I inhereted an implementation of a singleton template. Althoug I read that singletons are bad, my program uses singletons throughout and I can not get rid of them at the moment.
This is the implementation I started with:
template <typename T> class Singleton { public: static T* ms_singleton; Singleton() { assert(!ms_singleton); long offset = (long)(T*) 1 - (long)(Singleton <T>*)(T*) 1; ms_singleton = (T*)((long) this + offset); } virtual ~Singleton() { assert(ms_singleton); ms_singleton = 0; } static T &instance() { assert(ms_singleton); return (*ms_singleton); } static T &Instance() { assert(ms_singleton); return (*ms_singleton); } static T* instance_ptr() { return (ms_singleton); } }; template <typename T> T* Singleton <T>::ms_singleton = NULL;
And the new implementation.
#pragma once
template<typename T>
class Singleton
{
public:
static T &Instance()
{
static T* myInstance;
return (*myInstance);
}
Singleton(Singleton const &) = delete;
Singleton(Singleton &&) = delete;
Singleton &operator=(Singleton const &) = delete;
Singleton &operator=(Singleton &&) = delete;
protected:
Singleton() = default;
virtual ~Singleton() = default;
};
The first code doesn't create the class and only sets a pointer to an existing instance; the new implementation does the same.

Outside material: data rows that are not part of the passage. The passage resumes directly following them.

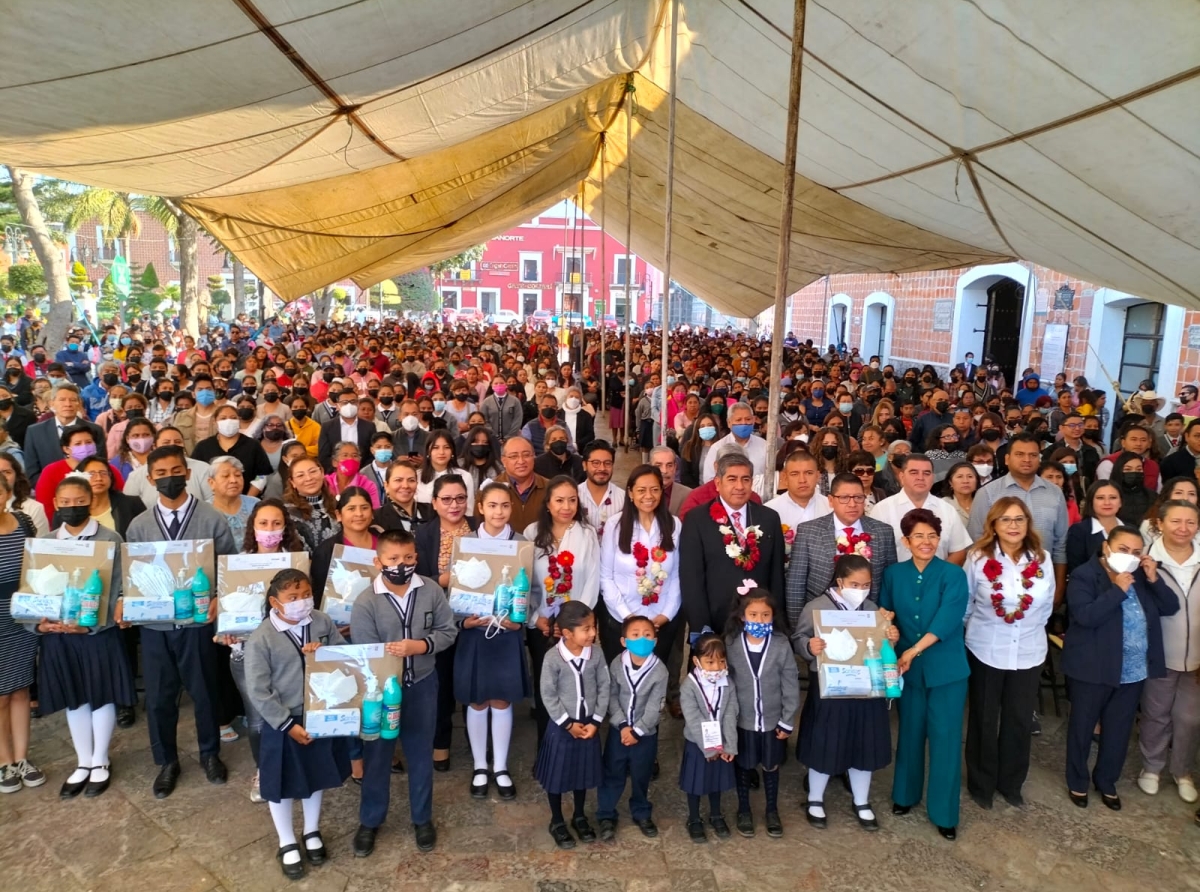 Gobierno de Puebla y Ayuntamiento de Atlixco entregan material de higiene a escuelas de la región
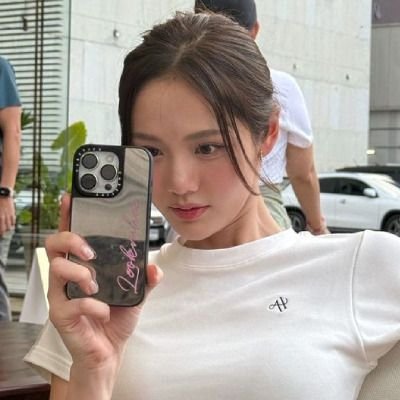 shotocod3's profile picture. Aquele clichê se pá vem de outras vidas
|| 

                                                                        [fan account]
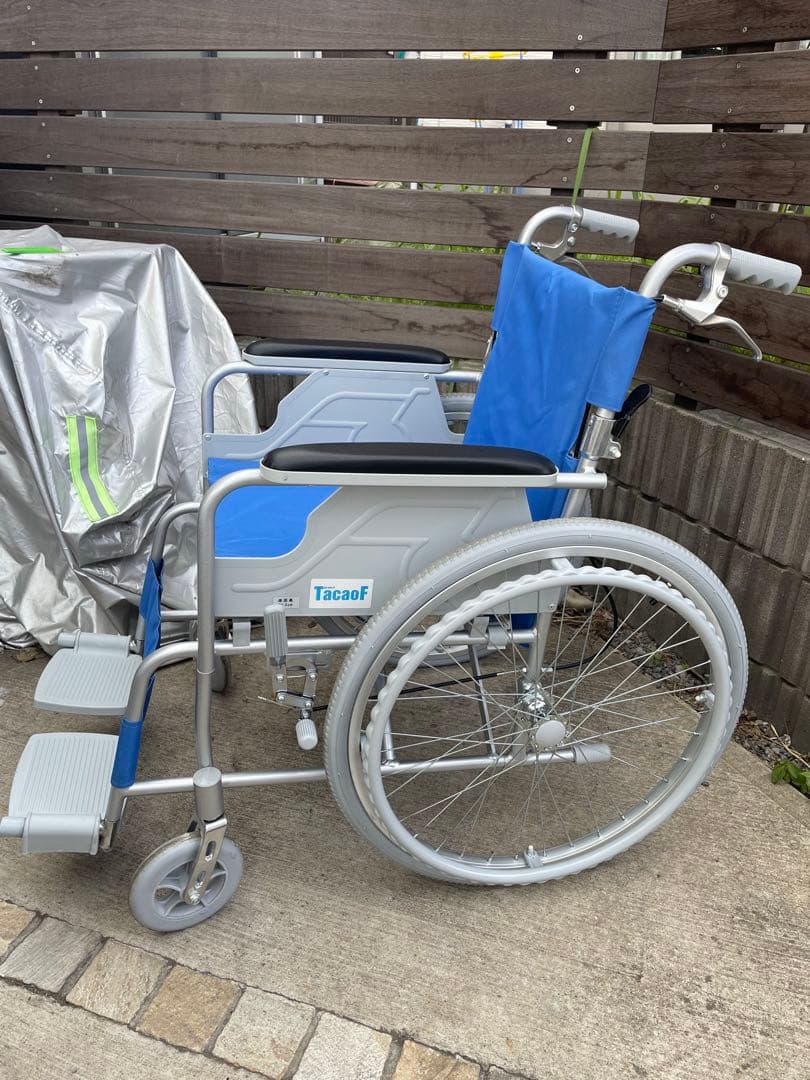 幸和製作所 アルミ製車椅子 ハンドブレーキ付きTacaof BM02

Do you think the second implementation is correct? Is there something that should be optimized or changed? There may be problems if I use it like that? Should I also handle the creation of classes?
This new implementation should behave the same as first, because I have a big project and I just can't get rid of this singleton.
How good is the new singleton?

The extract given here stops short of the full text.